If you are a resident of Kolkata, planning a short/weekend trip might prove to be challenging at times. Quick trips mostly are limited to the various Bay of Bengal beaches — Digha, Mandarmani, Shankarpur, Chandpur and many other ‘purs’ that tend to become monotonous after a while. The closest hill station is Darjeeling, which is nearly impossible be covered in two days.
So, we decided to go for neither sea not mountain, but something little out of the way. Maithon is a small town in the West Bengal-Jharkhand border. I did not know much about the town except that it has a dam built on the river Damodar, and a huge hydel power station. Truthfully, I was not very excited about seeing a dam and had already pegged the trip as boring.
Anyhow, we started had booked the 6:40 pm Agnibina Express from Howrah to Asansol (Kumardhubi is the closest station to Maithon but transportation from there is uncertain). The journey took around 4 hour and was pretty smooth.
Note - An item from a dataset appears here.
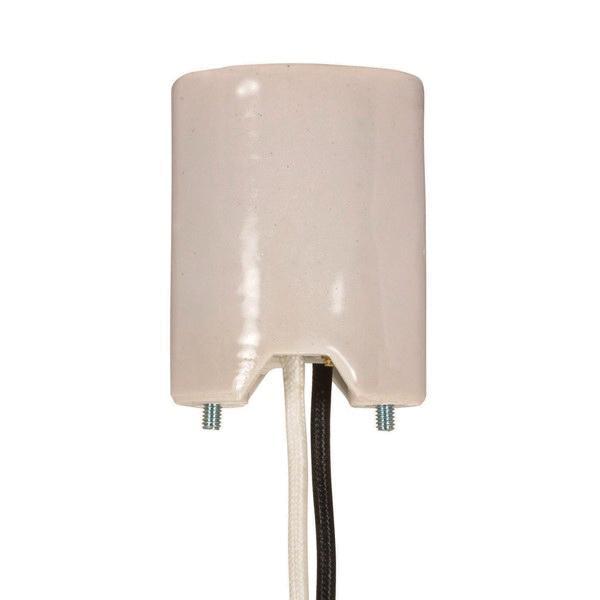 SATCO® 80-1530 Lighting Replacement Sockets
When we reached Asansol, it was already around 10. As it was the month of August, we were greeted with light drizzle, which was very refreshing after a hectic week and train journey. Our hotel had arranged for a bus to pick up us from the station.
Asansol to Maithon took about an hour via NH 60. I had never travelled on a national highway at night as it always seemed scary. But this ride was something memorable. The light rain, the smooth road, the gust of chilly air almost made the entire experience surreal.
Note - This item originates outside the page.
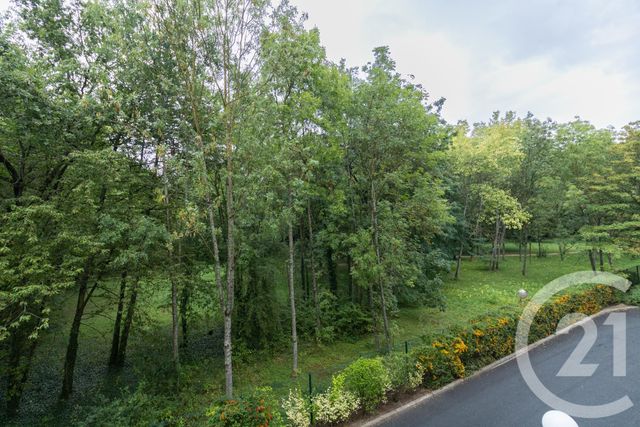 Appartement F2 &agrave; louer - 2 pi&egrave;ces - 51,77 m2 - Yerres - 91 - ILE-DE-FRANCE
As we were closing in on our destination, the further from civilization we seemed to go. The signs said we were in Maithon, but the only things we could see at first were trees and lots of trees. The intermittent street lights also seemed dim. After a while the hotels came into view. Oh my my, who had ever though that Maithon would have so many hotels. It was then I realized I might have underestimated the place’s tourist appeal a bit.
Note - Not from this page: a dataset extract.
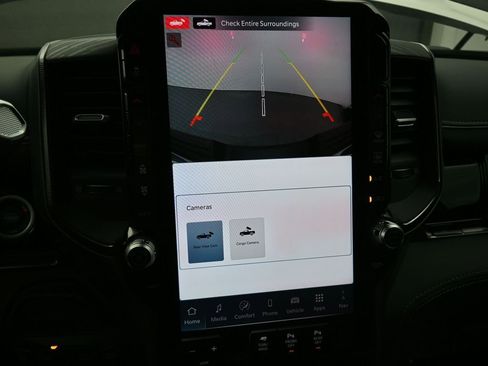 New 2026 RAM 2500 Power Wagon image 22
Our hotel was pretty decent, spread over quite a big area, and the best thing – just next to the dam, which obviously we did not realize just then. The rooms were pretty big, clean and well furnished. After gorging on a homely meal of rotis/rice, chicken/fish, we called it a night, ready to explore nature the next day.
The light drizzle continued the next day as well. This was actually a blessing in disguise as the alternative of heat and humidity would have been a challenge to the day we had planned. After a hearty breakfast of puri and sabji, we went to visit the dam. With the vast stretches of blue water and the surrounding greenery, the dam is beautiful. We walked up to the banks of the river damodar, which was filled to the brim. The river is notorious for its devastating floods and the hundreds of accidents, especially during the monsoons. We could see several boats docked on the sides, but not a single one in action.
Maithon apparently has a number of other tourist attractions. We hired two auto rickshaws for the whole day for the sightseeing. The price was decided 900 per auto. These autos are not like the ones you see in Kolkata or even other states. These are 9 seaters and the people sitting in the back are likely to experience a whole lot of jerking, given the woeful conditions of most of the roads.
Our first stop was the hydel power station. Well, actually a distant view of the station would be more apt. The auto stopped on the road on top of the dam. From there the sluice gates were clearly visible. In the month of August the gates were opened and the force with which the water passes through is truly a sight. There is also a deer park there, tough we did not visit it. We went down a long flight of stairs to take a closer look at the area, but time constraint made us continue our journey.
The next stop was Garparchakot. Though this is not exactly in Maithon, it was supposedly not far. “Nor far” constituted of 60+ minutes of auto ride with numerous lefts and rights, number fields and ponds and unending stretches of trees. We kind of joked nervously that is the auto driver decided to ditch us somewhere here, we would be hopelessly lost.
Finally, we reached Garpanchokot around noon. The rain had stopped and the first thing that struck me was the greenery. It is semi-forested area with hillocks creating a picturesque aura. There are a few ruins like watchtowers, temples belonging to the Sen dynasty which tell the tale of long ago. The place also has a resort belonging to West Bengal tourism. There are also modern-day watchtowers but we did not climb them. Overall it is a great place to relax.
From Garpanchkot we went to a couple of more places like the snake park and the coal mines. We returned to the hotel past 4 pm and had a very late delicious Bengali lunch. We relaxed away the rest of the day.
Our train next day was at 4:30 pm from Asansol junction. So, with some time to spare, some of us went to Kalyaneshwari Temple. The temple is more than 500 years old and attracts thousands of worshippers every day. At 10 am the temple was already immensely crowded. So, we satisfied our devotions by praying from afar and later gorging on delicious kachuri and dal.
The trip taught me that some out of the way destinations can also satisfy the traveler inside you in the most unexpected ways.